Actually you can also easily do this with by just generating an equality
comparison in userspace. Since you're using bitmask as a base type,
nft automatically generates instructions to only check that bit when
using an *implicit* op. If you use

"filter output ct labels == foo" that should match only the one label.

I have to admit that I don't know how connlabels are used, so I don't
know what the best default implicit op would be.

> Something to also keep in mind is that this currently lacks write
> support.  In iptables this is done via
> '-m connlabel --label foo --set', which causes atomic set-bit operation.
> 
> For nft with current approach it would mean we would need to copy to
> reg, alter reg, then copy altered register back to extension area.
> 
> What do others think?

Sounds fine. Its a quite rare operation I assume.

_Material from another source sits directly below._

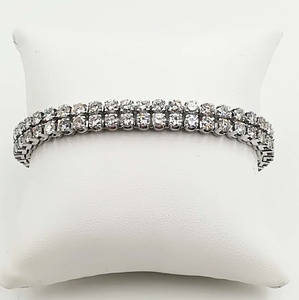 18 kt. White gold - Tennis bracelet Diamond - Diamond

> --- a/include/datatype.h
> +++ b/include/datatype.h
> @@ -32,6 +32,7 @@
>   * @TYPE_CT_STATE:	conntrack state (bitmask subtype)
>   * @TYPE_CT_DIR:	conntrack direction
>   * @TYPE_CT_STATUS:	conntrack status (bitmask subtype)
> + * @TYPE_CT_LABELS:	Conntrack Labels (bitmask subtype)
>   * @TYPE_ICMP6_TYPE:	ICMPv6 type codes (integer subtype)
>   */
>  enum datatypes {
> @@ -63,6 +64,7 @@ enum datatypes {
>  	TYPE_CT_STATE,
>  	TYPE_CT_DIR,
>  	TYPE_CT_STATUS,
> +	TYPE_CT_LABELS,
>  	TYPE_ICMP6_TYPE,
>  	__TYPE_MAX
>  };

Small note - we should add datatypes at the end. The kernel stores those
types for userspace to interpret the type of sets, so when doing an update
of nft, the types should still match.

> +static void ct_label_type_print(const struct expr *expr)
> +{
> +	const struct symbolic_constant *s;
> +	unsigned long bit = 0;
> +	int cnt = 0;
> +
> +	for (s = ct_label_tbl->symbols; s->identifier != NULL; s++) {
> +		bit = mpz_scan1(expr->value, s->value);
> +		if (bit < CT_LABELS_BIT_SIZE && bit == s->value) {
> +			if (cnt)
> +				printf("|");

This looks incorrect since it doesn't match the input format. When using
a bitmask base type, nft should automatically reconstruct the list as
comma-seperated values. So I think you don't need a print function.

> +			printf("%s", s->identifier);
> +			++cnt;
> +		}
> +	}
> +}
> +
> +static struct error_record *ct_label_type_parse(const struct expr *sym,
> +						struct expr **res)
> +{
> +	const struct symbolic_constant *s;
> +	const struct datatype *dtype;
> +	uint8_t data[CT_LABELS_BIT_SIZE];
> +	mpz_t value;
> +
> +	for (s = ct_label_tbl->symbols; s->identifier != NULL; s++) {
> +		if (!strcmp(sym->identifier, s->identifier))
> +			break;
> +	}
> +
> +	dtype = sym->dtype;
> +	if (s->identifier == NULL)
> +		return error(&sym->location, "Could not parse %s", dtype->desc);
> +
> +	mpz_init2(value, dtype->size);
> +	mpz_setbit(value, s->value);
> +	mpz_export_data(data, value, BYTEORDER_HOST_ENDIAN, sizeof(data));
> +
> +	*res = constant_expr_alloc(&sym->location, dtype,
> +				   dtype->byteorder, sizeof(data),
> +				   data);
> +	mpz_clear(value);
> +	return NULL;
> +}

Same here. The defaults should work fine.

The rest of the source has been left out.